Differential Diagnosis for Epididymitis
- Single most likely diagnosis
- Epididymitis: This is the most likely diagnosis given the presentation, as it is a common condition characterized by inflammation of the epididymis, often caused by bacterial infection, and its symptoms align closely with what is typically observed in cases of epididymitis.
- Other Likely diagnoses
- Orchitis: Inflammation of one or both testicles, which can occur alongside epididymitis (epididymo-orchitis) and presents with similar symptoms such as testicular pain and swelling.
- Testicular torsion: A condition that requires urgent medical attention, characterized by the twisting of the spermatic cord, cutting off the blood supply to the testicle. It presents with sudden, severe testicular pain.

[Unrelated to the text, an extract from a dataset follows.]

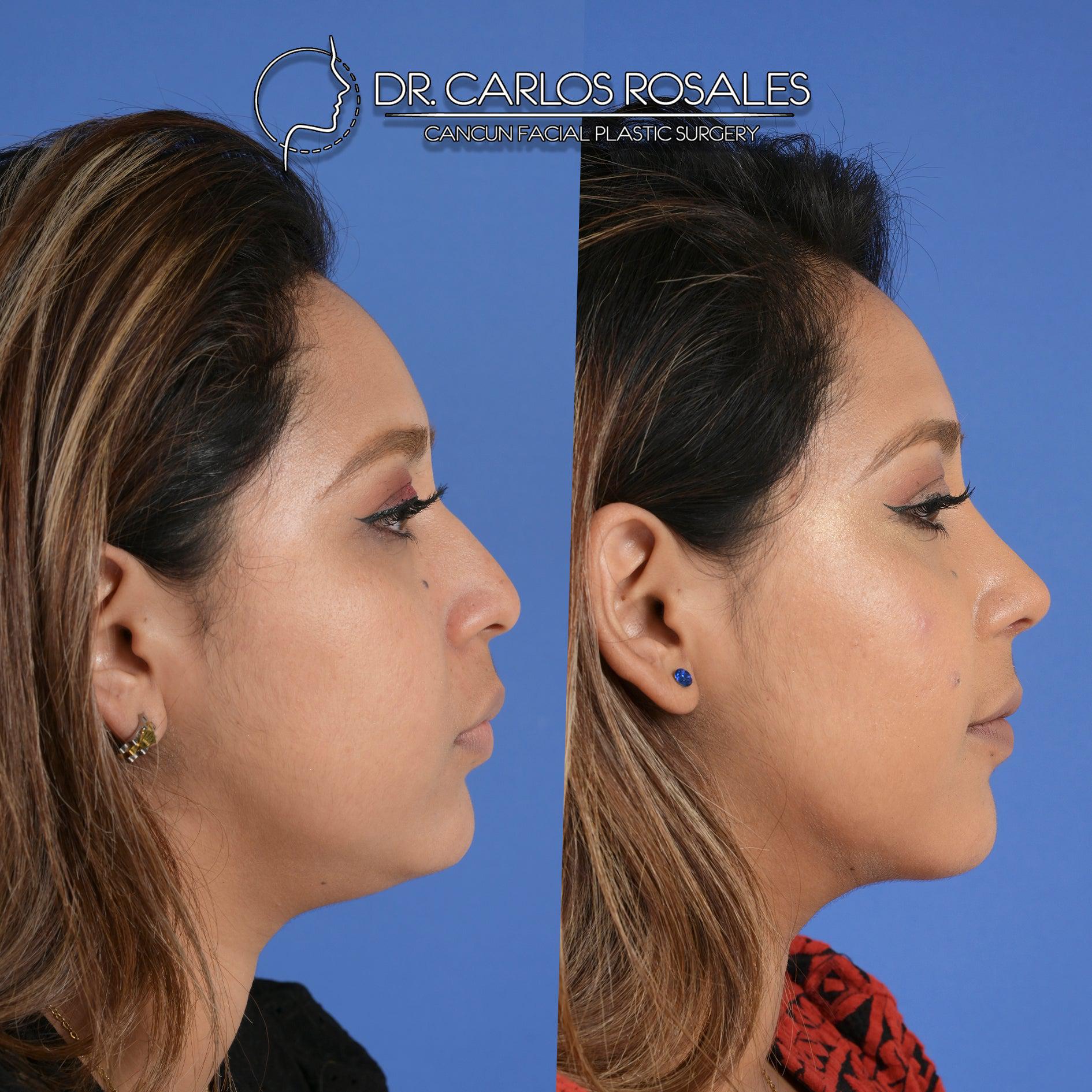 Liposucción de papada – drcarlosrosales - Main Image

- Hydrocele: An accumulation of fluid in the tunica vaginalis, a potential space around the testicle, which can cause swelling and discomfort but is typically painless.
- Do Not Miss (ddxs that may not be likely, but would be deadly if missed.)
- Testicular cancer: Although less common, testicular cancer can present with a testicular mass or swelling and must be considered to ensure timely diagnosis and treatment.
- Pyocele: An accumulation of pus in the tunica vaginalis, which can be a complication of epididymitis and requires prompt drainage.
- Fournier's gangrene: A severe, life-threatening condition involving necrotizing fasciitis of the genitalia, which, although rare, demands immediate recognition and treatment.
- Rare diagnoses
- Spermatocele: A cystic structure filled with sperm, which is usually asymptomatic but can cause discomfort if large enough.
- Varicocele: An enlargement of the veins within the scrotum, similar to varicose veins, which can cause a feeling of heaviness or discomfort but is typically not painful.
- Tuberculosis epididymitis: A rare form of epididymitis caused by Mycobacterium tuberculosis, which can present with chronic symptoms and weight loss.